## MATERIAL PROVIDED
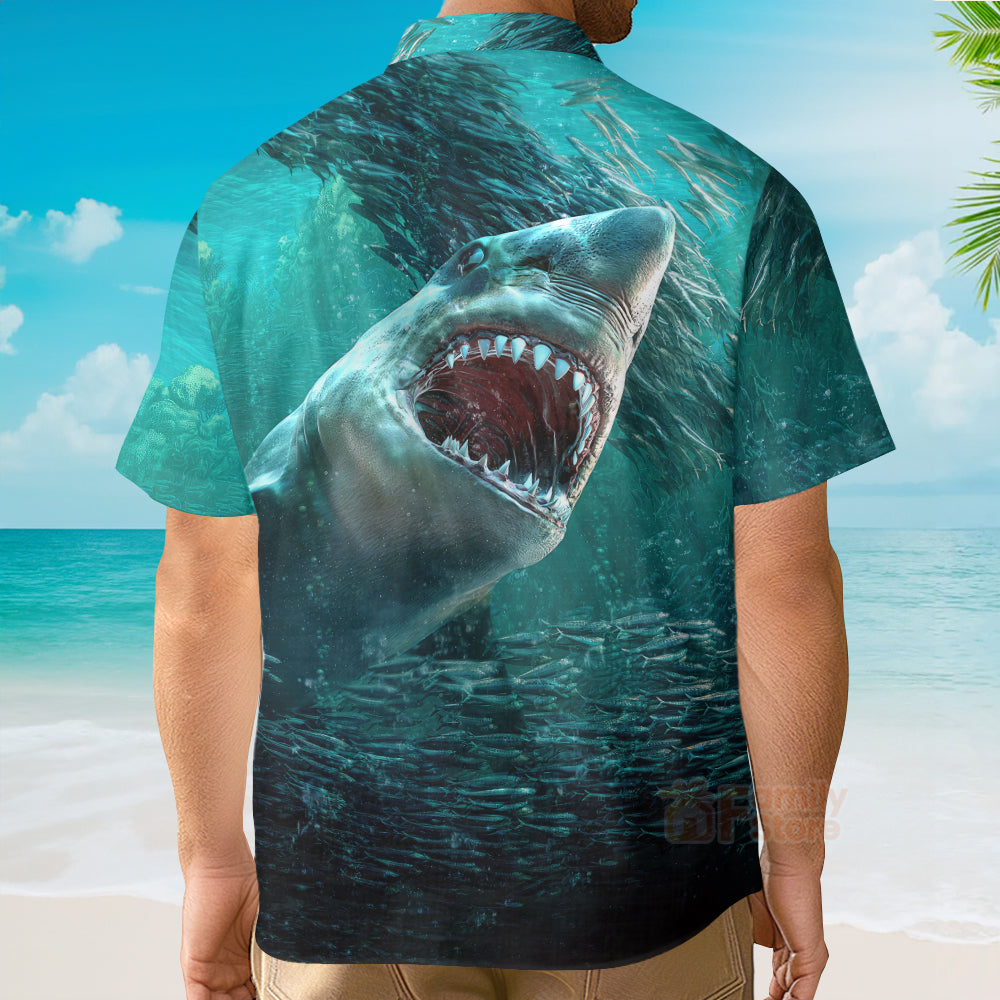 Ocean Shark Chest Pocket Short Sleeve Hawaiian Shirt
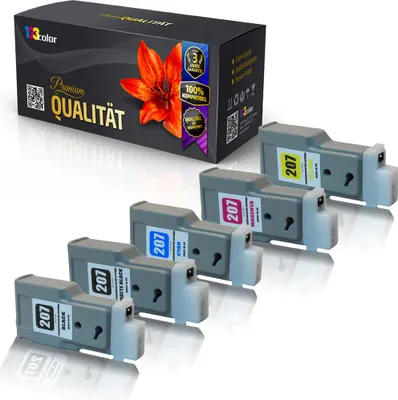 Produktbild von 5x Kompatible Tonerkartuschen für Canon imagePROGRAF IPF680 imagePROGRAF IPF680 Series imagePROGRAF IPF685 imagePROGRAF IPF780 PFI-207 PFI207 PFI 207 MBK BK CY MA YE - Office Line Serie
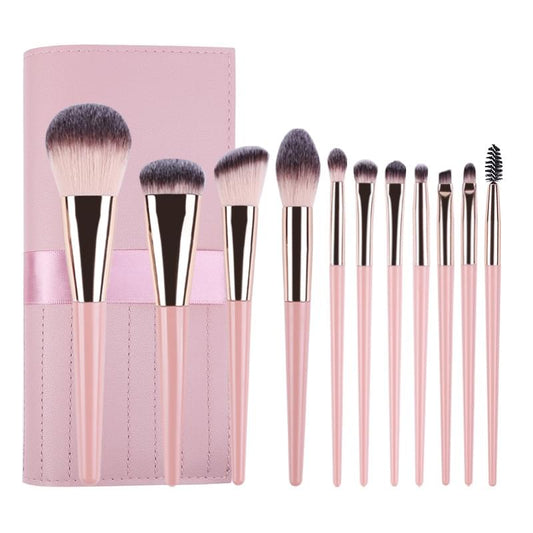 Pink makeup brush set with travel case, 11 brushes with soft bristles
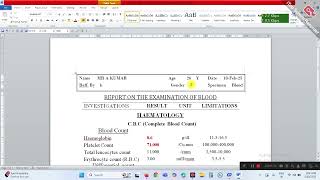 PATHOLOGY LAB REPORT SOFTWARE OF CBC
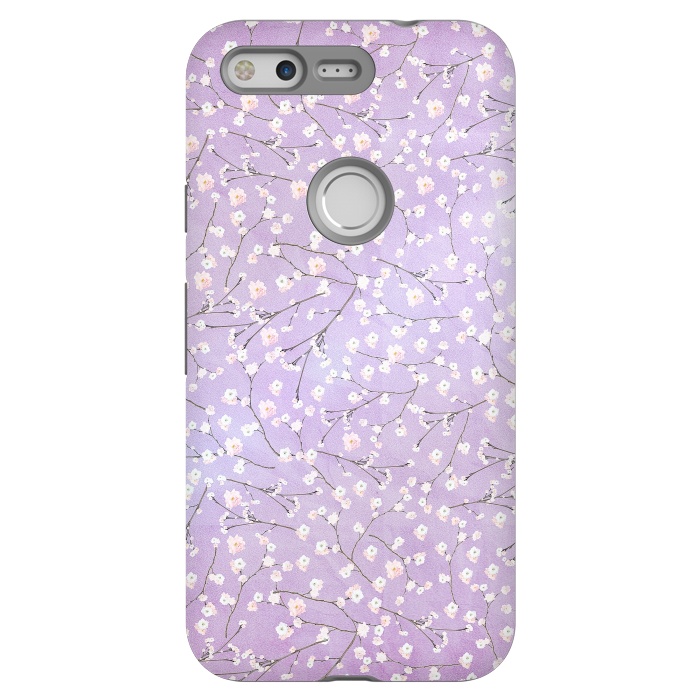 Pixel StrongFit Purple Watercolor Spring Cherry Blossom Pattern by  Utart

## PROBLEM DETAILS
Set down, in exact form, only the lines that start at the one containing "PATHOLOGY LAB REPORT SOFTWARE OF CBC" and finish at the last line of the material; pictures do not go in.

## OUTPUT FOR THIS EXERCISE
 PATHOLOGY LAB REPORT SOFTWARE OF CBC
 Pixel StrongFit Purple Watercolor Spring Cherry Blossom Pattern by  Utart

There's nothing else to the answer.